On top of that, affordable housing is even harder to find, as scarcity – among other forces – drives up prices. Examining house prices in the 100 largest metropolitan areas in the United States, Harvard’s Joint Center for Housing Studies found that by 2020, a household earning 50 to 80 percent of the region’s median income could afford to ‘buy a home in just 39 of these subways. If you think it sounds bleak, in 2021 the number of affordable metropolitan areas has dropped to 20.

And it is with historically low mortgage interest rates that are helping to make homes more affordable: having to spend less on interest each month allows buyers to spend more money on their equity or building up a mortgage. own funds.

“As tight as it was this year, interest rates have kept buyers in the game,” commented Anthony Carr, a broker at Re / Max West End in Falls Church, Va., In an email. But with rates and prices rising slightly, albeit at a slower pace, buyers at the lower end of the market will be kicked out.

Sellers will still have the advantage most of the time

With such a low inventory, most sellers can continue to expect multiple offers. The National Association of Home Builders regularly polls buyers who have been looking for three months or more and found that in Q3 2021, being overbid was the main reason these people had not yet bought a home.

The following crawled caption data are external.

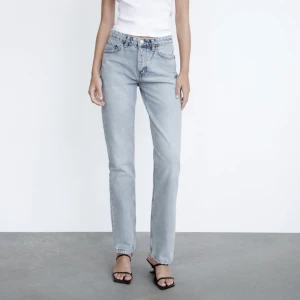 Jeans zara - Jeans zara mid rise straight💙💙  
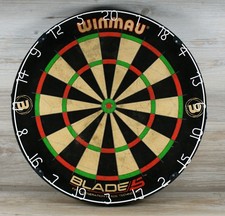 Winmau Blade 5 Professional Level Quality Bristle Dartboard Man Cave Home Bar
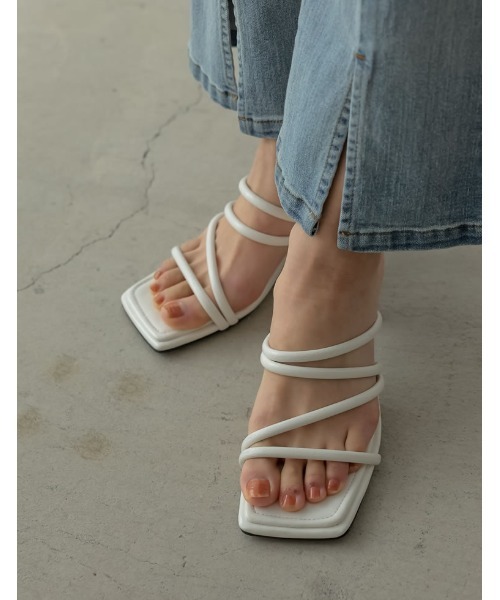 Re:EDIT（リエディ）の「[大きいサイズ有]スクエアトゥメニーストラップヒールサンダル（サンダル・レディース・ホワイト/ブラック/ベージュ/ライム/オレンジ・SMALL/X-LARGE/MEDIUM/XX-LARGE/LARGE）」の13枚目の写真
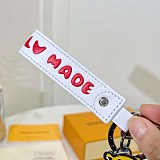 ☆超人気☆早い者勝ち♡ルイヴィトン Nigo キーホルダー スーパーコピーN級品 vuw65130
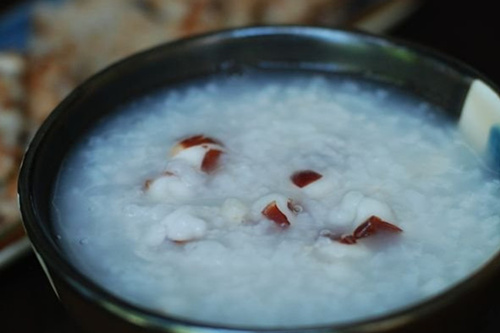 芡實薏米粥 夏季祛濕健脾的好幫手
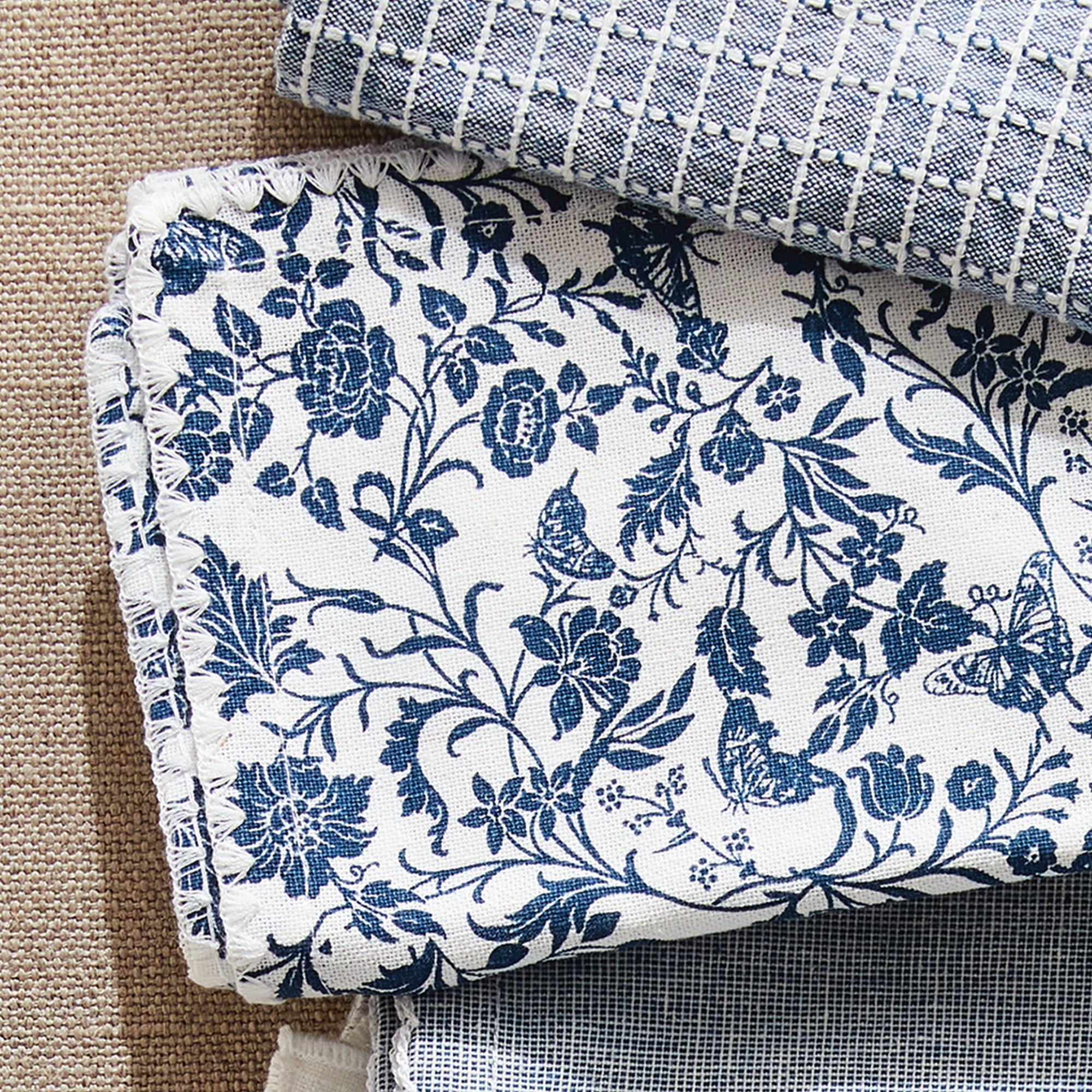 Leni Dinner Napkins Set of 4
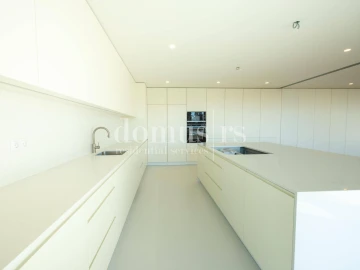 Apartamento T3 para Venda em Lordelo do Ouro e Massarelos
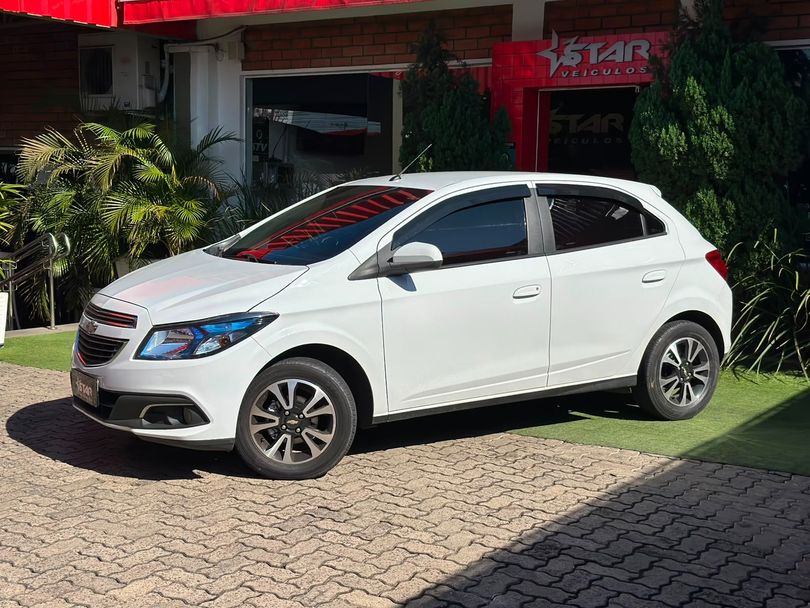Chevrolet ONIX HATCH LTZ 1.4 8V FlexPower 5p Mec.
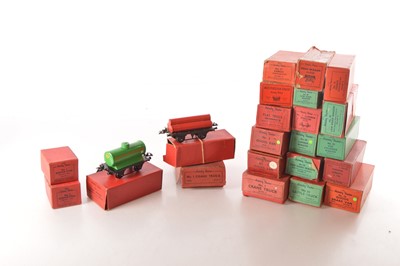 Lot 403 - Hornby 0 Gauge mixed group of Pre and post war rolling stock and accessories (22)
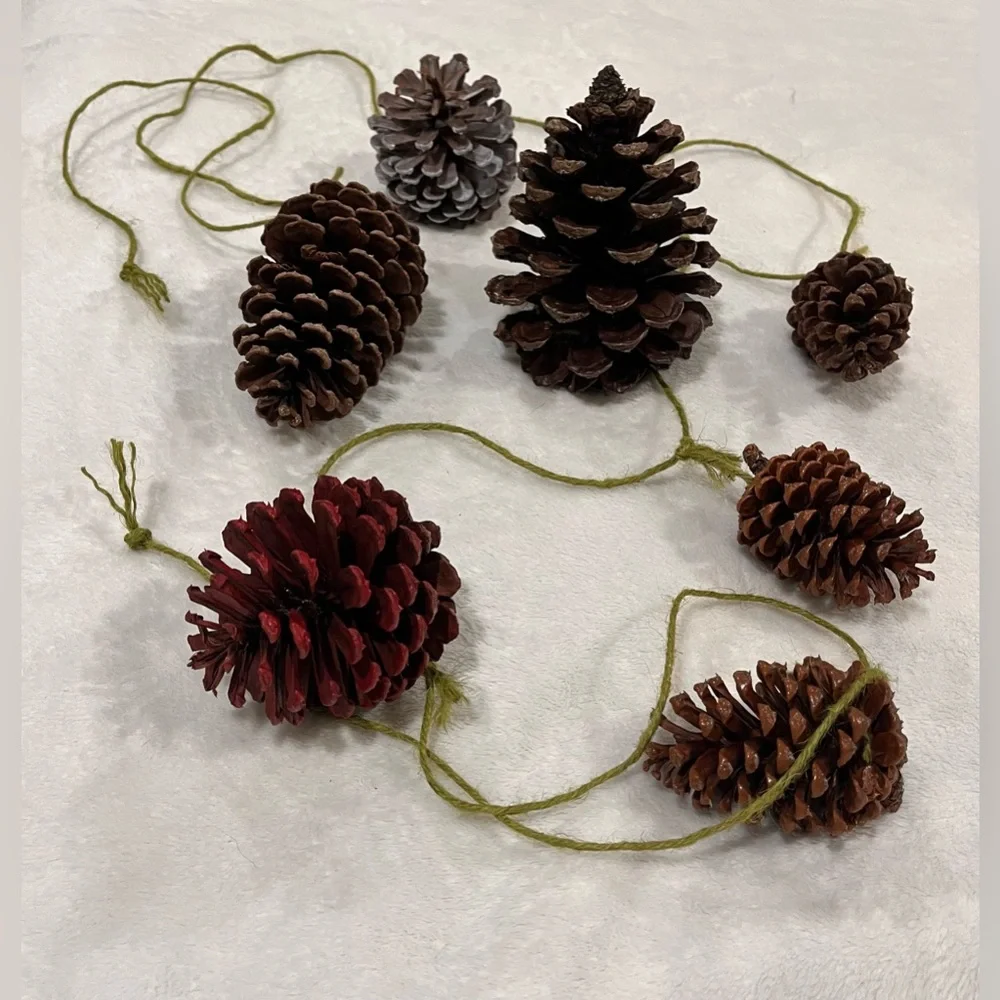 Festive Pinecone Holiday Garland - Picture 3 of 4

While some markets still have buyers offering the best price for virtually every property listed, others are starting to see moderation.

Torrence Ford, a Re / Max Premier brokerage in Atlanta, said in an email that “sellers whose price is correct always see contracts pending in 10 days or less,” but to get the best deals, properties must be in good condition. “Sellers still need to prepare their homes for a traditional sale with paint, deep cleaning, and sort out major repair issues,” he said. “With these things online, buyers are easily willing to forgo inspections and assessment contingencies.”

He also mentioned that the hectic pace of the market in his area had calmed down somewhat: “Buyers have a fair chance for homes from listing agents and sellers who allow homes to stay on the market Thursday through Sunday.

Four days, is it now a “good shot”? Compared to the recent craze of sellers asking for the “highest and best” deals from a single day of sightseeing, of course, why not. Four days might not be enough time to visit a property twice, but at least you can sleep on it.

Buyers are fed up

While social media may not be an official barometer of the housing market, looking at exasperated memes, stunned TikToks, and sarcastic tweets, it’s clear that homebuyers – especially Millennials and Gen Z who hope to own homeowners – get salted. There seems to be a growing understanding that it is less about their individual financial choices (like the much mocked avocado toast theory) and more about the market failing to provide affordable housing. that keep pace with current demographics.

And while many Americans are still hoping to buy homes, some are abandoning the search. The NAHB found that after peaking in the second quarter of 2021, the number of potential buyers actively trying to find a home fell.

Others find ways to do whatever it takes to get a house. “Sellers are getting greedy and buyers are getting smarter,” Century 21 affiliate agent Barry Shaw of Hudson, Wisconsin, said in an email. “Buyers got creative with their offers to beat (the) competition.” This can include workarounds that avoid a full home inspection and contingencies that cover potential valuation gaps.

The determination of buyers who do not give up until an offer has been accepted ensures that competition will remain intense, especially in sought-after subways. Prices can go up, rates can go up, inventories can go up, but there is one certainty we can predict: people will continue to buy homes.

More from NerdWallet

Holden Lewis writes for NerdWallet. E-mail: [email protected]. Twitter: @HoldenL.

Kate Wood writes for NerdWallet. E-mail: [email protected].